Comparison of two Mercury images.

Analysis of the obtained result and its comparison with our other pictures of Mercury showed that this photo shows approximately the same part of the planet as the image taken on May 6, 2008, with only difference that in each case the planet was turned slightly differently to the observer. Still these two pictures can be compared with each other. For convenience of such comparison both images were transformed into cylindrical (cartographic) projections.

Despite the fact that processing of the May 6 2008 image was performed using an entirely different methodology, the major albedo markings match pretty well on both images. The main and the most characteristical detail at the center of the observed Mercury sickle (we called it "a star", "a human", "a bunch of five" among ourselves) is clearly visible on both images. Besides other dark and bright spots mostly match. This gave me an idea of stacking both images into one using cylindrical transformations in WinJUPOS. Averaged image obtained from the results of imaging on May 6, 2008 and April 25, 2009 and shown as it would look on the later date you can see below.

The sum of two images

 


Comparison with the spacecraft images.

The image of Mercury in the 57-92° longitude

Comparison of the obtained result with the images and maps obtained by spacecrafts also showed a good correlation. For our equipment and imaging conditions I think the result we got is quite good. A pleasant surprise was a fact that, with some caution, we can say that our picture practically resolved a Mercury Vivaldi crater 210 kilometers in diameter.
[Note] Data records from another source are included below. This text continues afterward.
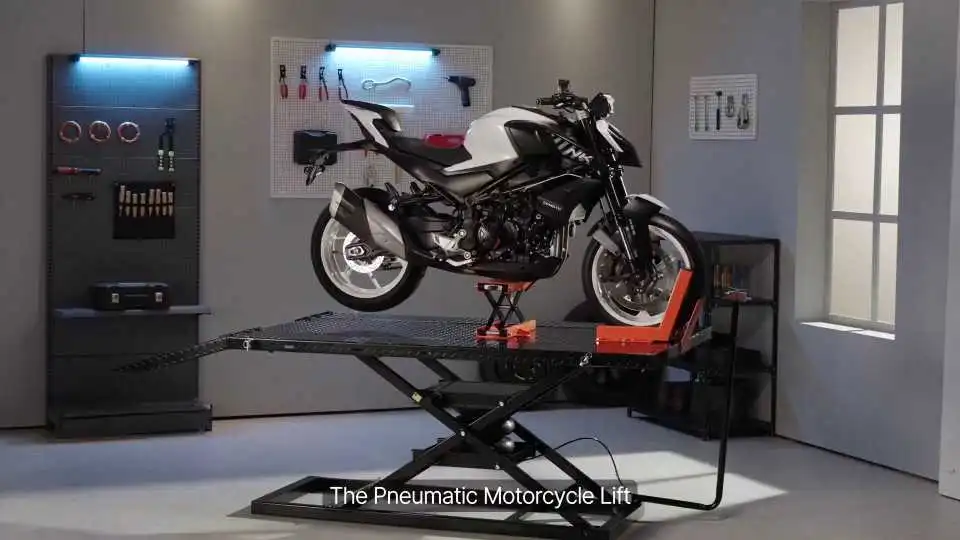 Podnośniki i podstawki motocyklowe VEVOR Demonstrują bezpieczne podnoszenie motocykli w celu łatwej wymiany opon i wykonywania prac konserwacyjnych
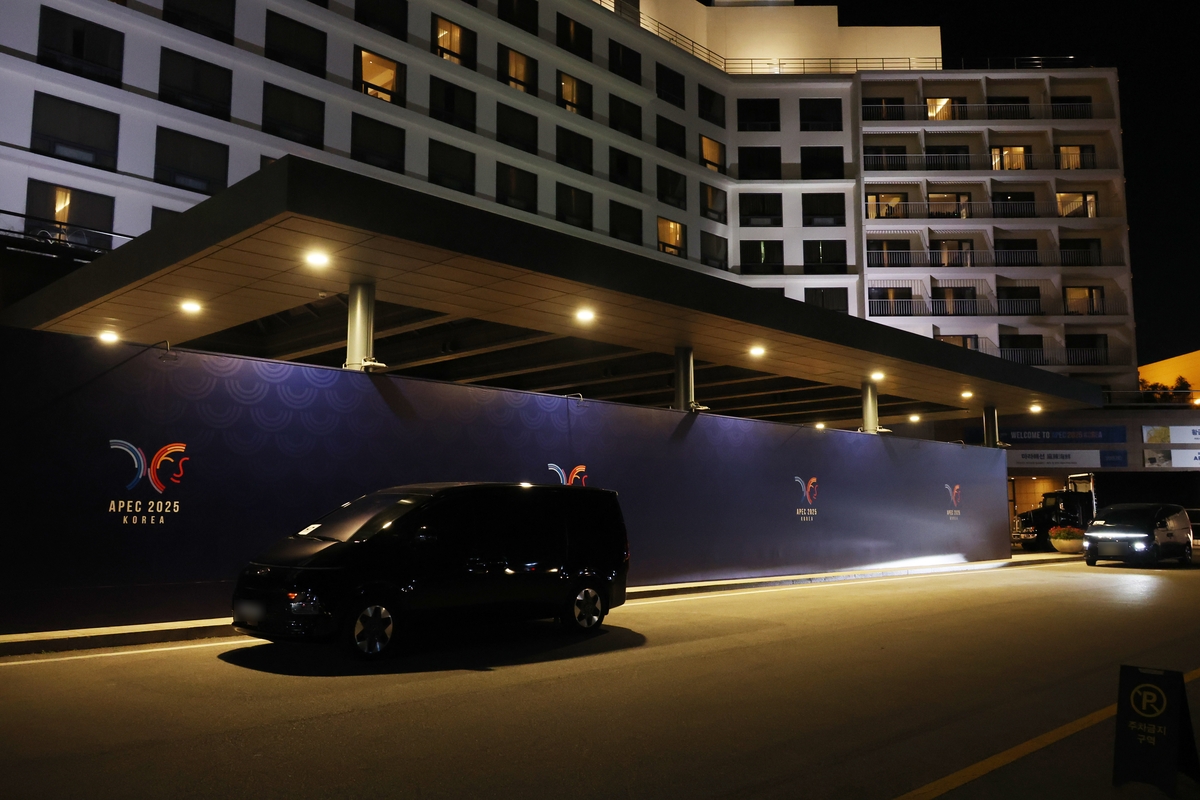 힐튼호텔 로비 앞에 설치된 대형 가림막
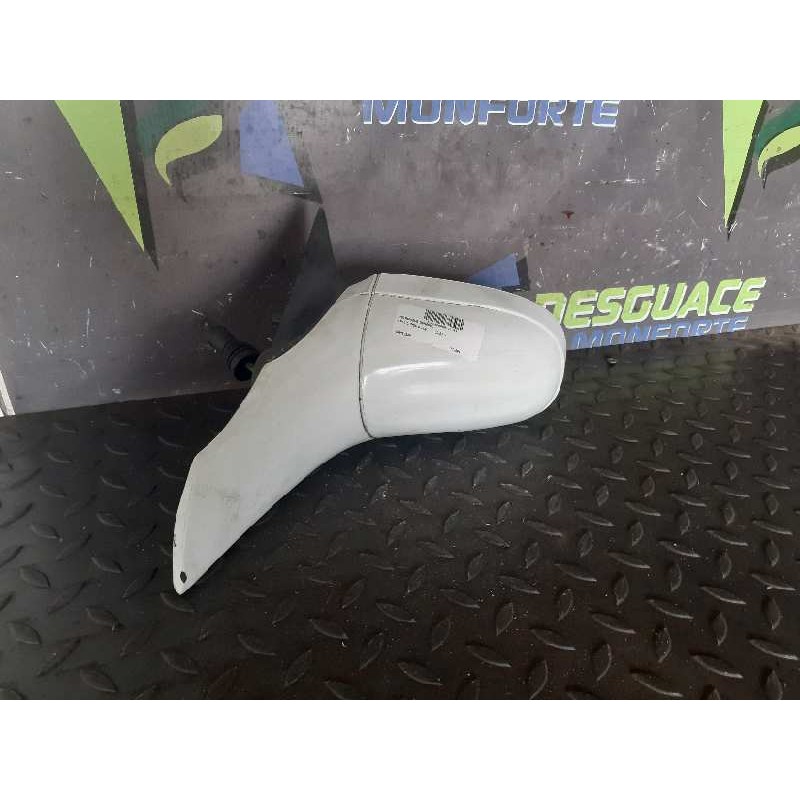 Recambio de retrovisor derecho para opel corsa b city referencia OEM IAM 008062349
You can guess the rim illuminated with sunlight and a shadow cast by it and a general ring structure of the basin of this crater.

Also a good positioning of the central meridian on our picture allowed to directly compare our image with mosaic obtained by Mariner-10, which has the same details in a similar position relative to the planet limb. Despite the different lighting conditions on two images the major similarities are easily noticeable.